Gegara Sopir Mengantuk, 3 Truk Tabrakan Beruntun di Lamongan
- Humas Polres Lamongan
Lamongan, VIVA Jatim – Tiga truk terlibat kecelakaan beruntun saat melintas di Jalan Raya Lamongan–Babat, tepatnya di Desa Sukoanyar, Kecamatan Turi, Kabupaten Lamongan, pada Kamis 11 Juni sekitar pukul 00.30 WIB. Diduga, kecelakaan itu terjadi karena sopir mengantuk.
Kasi Humas Polres Lamongan Ipda Hamzaid mengatakan, tiga kendaraan yang terlibat dalam peristiwa tersebut yakni truk Colt Diesel nomor polisi H-8402-GA yang dikemudikan W (44), warga Kecamatan Parengan, Kabupaten Tuban.

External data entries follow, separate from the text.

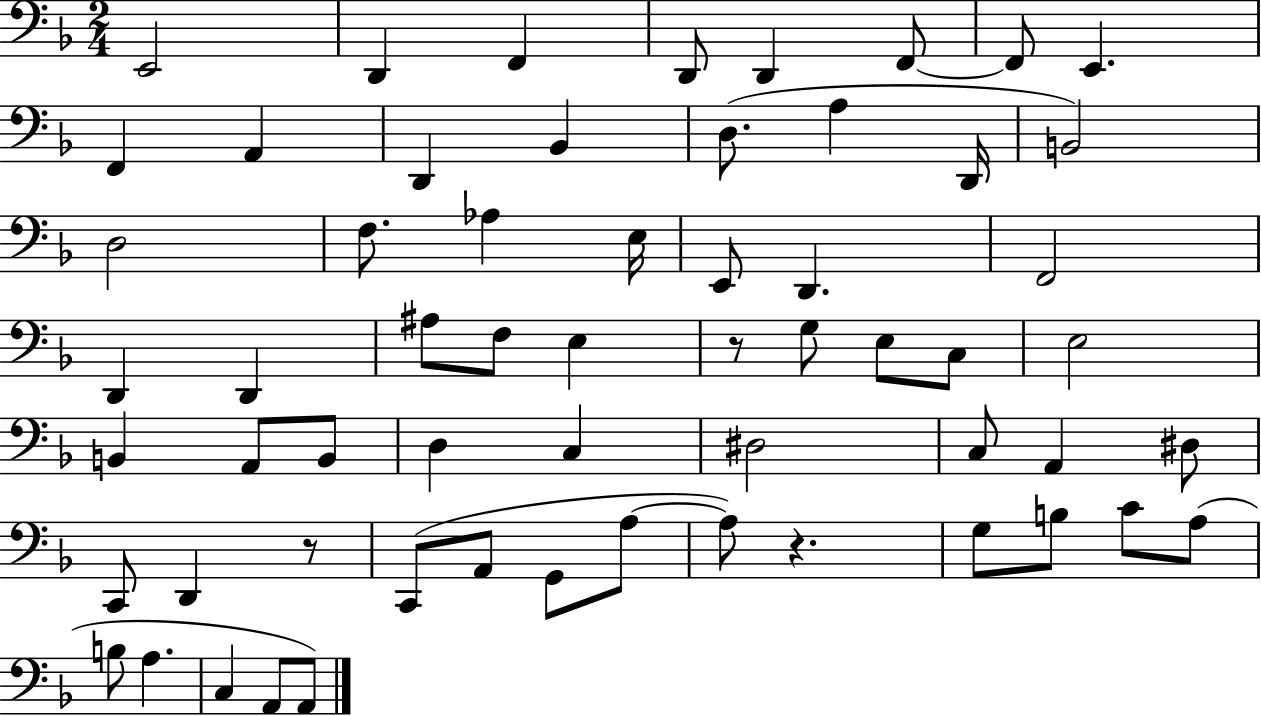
{
  \clef bass
  \numericTimeSignature
  \time 2/4
  \key f \major
  e,2 | d,4 f,4 | d,8 d,4 f,8~~ | f,8 e,4. | \break f,4 a,4 | d,4 bes,4 | d8.( a4 d,16 | b,2) | \break d2 | f8. aes4 e16 | e,8 d,4. | f,2 | \break d,4 d,4 | ais8 f8 e4 | r8 g8 e8 c8 | e2 | \break b,4 a,8 b,8 | d4 c4 | dis2 | c8 a,4 dis8 | \break c,8 d,4 r8 | c,8( a,8 g,8 a8~~ | a8) r4. | g8 b8 c'8 a8( | \break b8 a4. | c4 a,8 a,8) | \bar "|."
}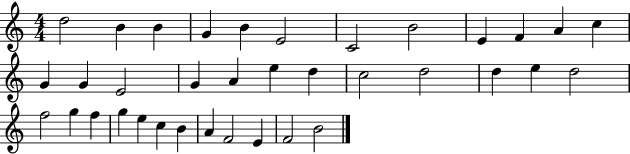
D5/h B4/q B4/q G4/q B4/q E4/h C4/h B4/h E4/q F4/q A4/q C5/q G4/q G4/q E4/h G4/q A4/q E5/q D5/q C5/h D5/h D5/q E5/q D5/h F5/h G5/q F5/q G5/q E5/q C5/q B4/q A4/q F4/h E4/q F4/h B4/h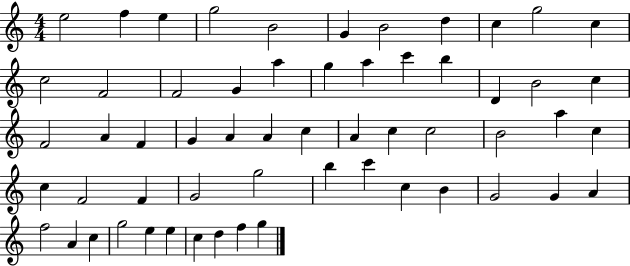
X:1
T:Untitled
M:4/4
L:1/4
K:C
e2 f e g2 B2 G B2 d c g2 c c2 F2 F2 G a g a c' b D B2 c F2 A F G A A c A c c2 B2 a c c F2 F G2 g2 b c' c B G2 G A f2 A c g2 e e c d f g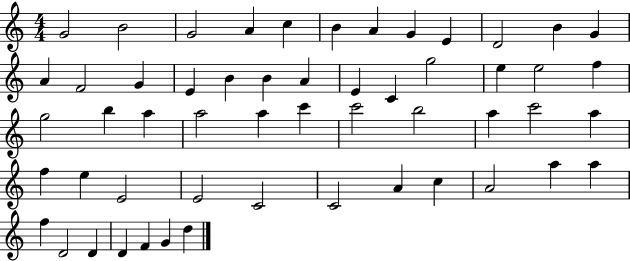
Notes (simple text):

G4/h B4/h G4/h A4/q C5/q B4/q A4/q G4/q E4/q D4/h B4/q G4/q A4/q F4/h G4/q E4/q B4/q B4/q A4/q E4/q C4/q G5/h E5/q E5/h F5/q G5/h B5/q A5/q A5/h A5/q C6/q C6/h B5/h A5/q C6/h A5/q F5/q E5/q E4/h E4/h C4/h C4/h A4/q C5/q A4/h A5/q A5/q F5/q D4/h D4/q D4/q F4/q G4/q D5/q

Untuk kendaraan lainnya yakni truk tronton nomor polisi B-9120-UEL yang dikemudikan S (47), warga Banyuputih, Kabupaten Batang, Jawa Tengah, serta truk tronton box nomor polisi B-9041-UEW yang dikemudikan YM (52), warga Kota Cirebon.

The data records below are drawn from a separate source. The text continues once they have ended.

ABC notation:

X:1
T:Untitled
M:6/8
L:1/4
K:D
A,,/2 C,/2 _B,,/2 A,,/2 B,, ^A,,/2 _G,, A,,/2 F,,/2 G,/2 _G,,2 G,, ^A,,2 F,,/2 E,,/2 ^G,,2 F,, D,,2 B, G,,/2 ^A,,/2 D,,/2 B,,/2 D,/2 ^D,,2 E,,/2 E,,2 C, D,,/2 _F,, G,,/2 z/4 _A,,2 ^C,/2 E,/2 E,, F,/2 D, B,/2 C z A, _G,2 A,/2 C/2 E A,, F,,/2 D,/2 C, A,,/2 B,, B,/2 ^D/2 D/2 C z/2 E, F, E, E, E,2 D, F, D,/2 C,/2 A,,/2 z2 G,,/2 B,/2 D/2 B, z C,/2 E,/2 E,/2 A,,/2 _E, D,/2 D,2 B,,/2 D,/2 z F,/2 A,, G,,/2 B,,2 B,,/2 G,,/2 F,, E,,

Hamzaid menjelaskan, kecelakaan itu bermula semula saat truk Colt Diesel yang dikemudikan W melaju dari arah timur menuju barat. Setibanya di lokasi kejadian, kendaraan tersebut berhenti di lajur kanan untuk melakukan putar balik ke arah timur.
Pada saat bersamaan, dari arah belakang melaju truk tronton box yang dikemudikan YM. Karena jarak yang sudah terlalu dekat, tabrakan depan-belakang pun tidak dapat dihindari.
Truk Colt Diesel yang tertabrak kemudian terdorong ke jalur sebelah utara dan kemudian bertabrakan dengan truk tronton nomor polisi B-9120-UEL yang dikemudikan S dan melaju dari arah barat menuju timur.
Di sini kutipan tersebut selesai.